So, where do we stand? I can sum up September auto sales thus far in two words...They Suck. This is not tremendously surprising. Any time in the past that a major, successful incentive program has been run in the U.S. there has been a serious hangover effect in the months immediately following the conclusion of the program. Take a look at how sales collapsed after GM ended the 0% financing offer that it rolled out after September 11th or when the Employee Pricing for Everyone that was introduced several years later ended:

Initially I was hopeful that the sales decline would be less dramatic this time because from everything that I have been hearing, demand has started to improve on its own, even without the government's Cash for Clunkers program. The problem is that dealers don't have any cars to sell. The small vehicles that people who traded in their clunkers on are very high volume models that account for a huge percentage of industry volume. Take a look at how the sales of these small models exploded during the C for C program:
Toyota's Scion division:
June 2009: 4,262 units
August 2009: 10,727
Nissan Versa:
June 2009: 5,473
August 2009: 18,580
Honda Fit:
June 2009: 5,585
August 2009: 13,593
Chevrolet Aveo:
June 2009: 2,217
August 2009: 12,733
You get the idea. Normally there is a reason that a manufacturer runs a huge, expensive, and in turn successful incentive program in the auto industry...their inventory level is too high and dealers are swimming in cars. Manufacturers didn't initiate the Cash for Clunkers program though...Uncle Sam did. Automakers had slashed production dramatically to levels that I have never seen and in turn they were in the process of drastically their excess inventory heading into the C for C program.

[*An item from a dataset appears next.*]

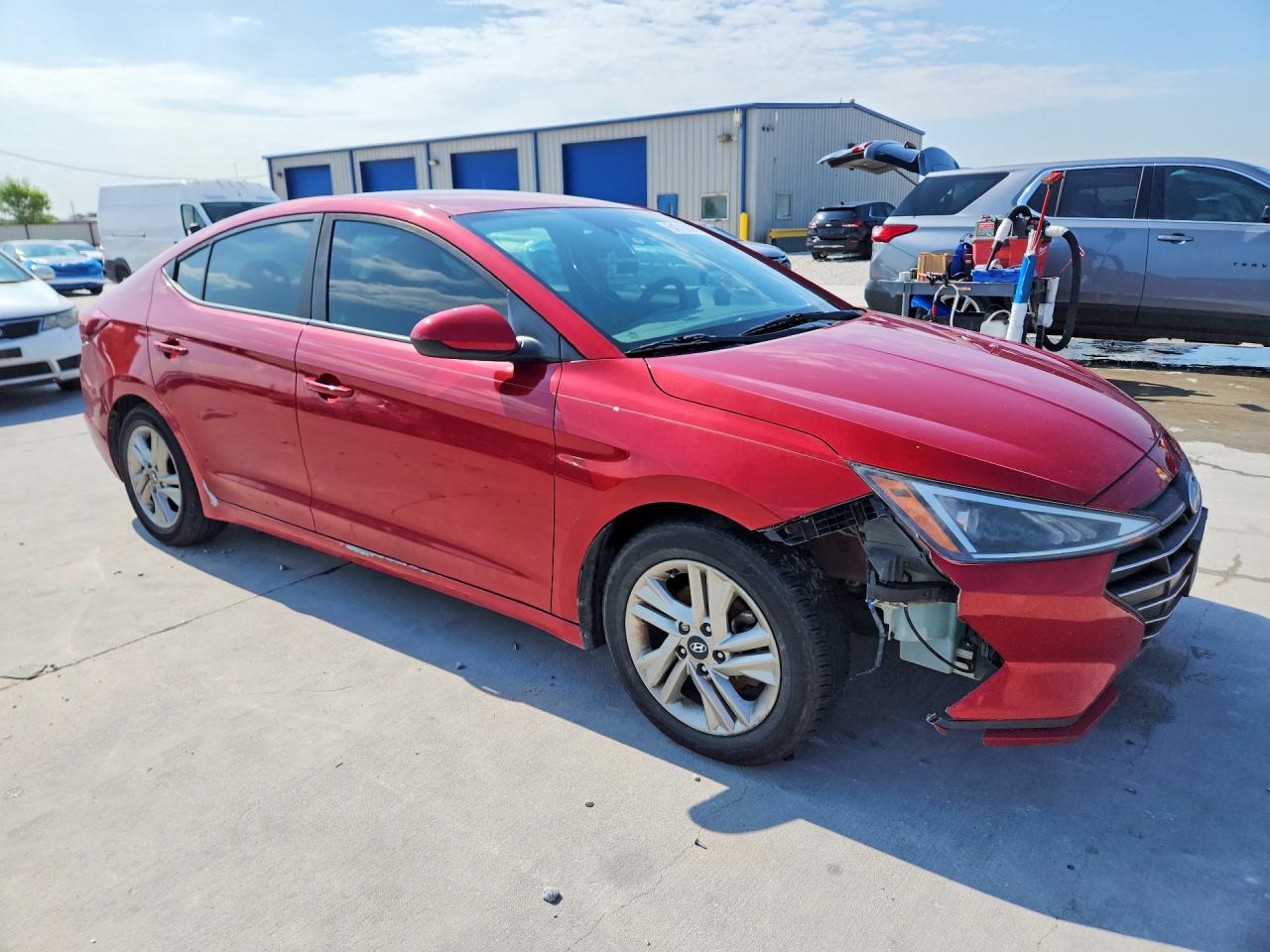Hyundai ELANTRA Sel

As a result, when demand spiked dealers had their lots picked clean. I'll have to do some digging to find out what the official inventory numbers are for the industry, but they have fallen dramatically. Dealers don't have enough cars to sell, particularly high volume models. So any pull-forward effect that the Cash for Clunkers program would have normally had will be magnified tremendously by the lack of inventory out there.
So, enough explanation let's talk numbers. Here are a few industry-wide sales numbers for everyone to use as a point of reference:
June 2009 (pre Cash for Clunkers: 850,000
September 2008 (year-over-year comparison): 960,000
August 2009 (last month): 1,260,000
Again, I'm hearing that sales have absolutely tanked in September because there are no cars out there. My initial educated guess (and that's all that estimates are...particularly this early in the month) is that we'll be lucky to hit 700,000 units in September and that it is very possible that sales will come in at around 650,000. I will be able to refine this estimate as we get closer to the end of the month and more accurate info is available.
Hopefully continued improvement in demand for things that didn't have their inventory sucked dry by Clunkers, such as larger trucks and luxury brands will help absorb some of blow to sales by the lack of availability of a number of high volume vehicles, particularly since a number of manufacturers have rolled out aggressive new incentives programs as the month has progresses. Time will tell. In the meantime, count on a lousy auto sales month in September with demand recovering towards the end of the year as the pull-forward effect from C for C wears off, as inventory levels recover, and as manufacturers introduce even more aggressive incentives for their big year-end sales push.
Rather than looking at the total industry number in September, focus on the sales results of brands or models that are not being as affected by this inventory shortage, such as BMWs or certain trucks.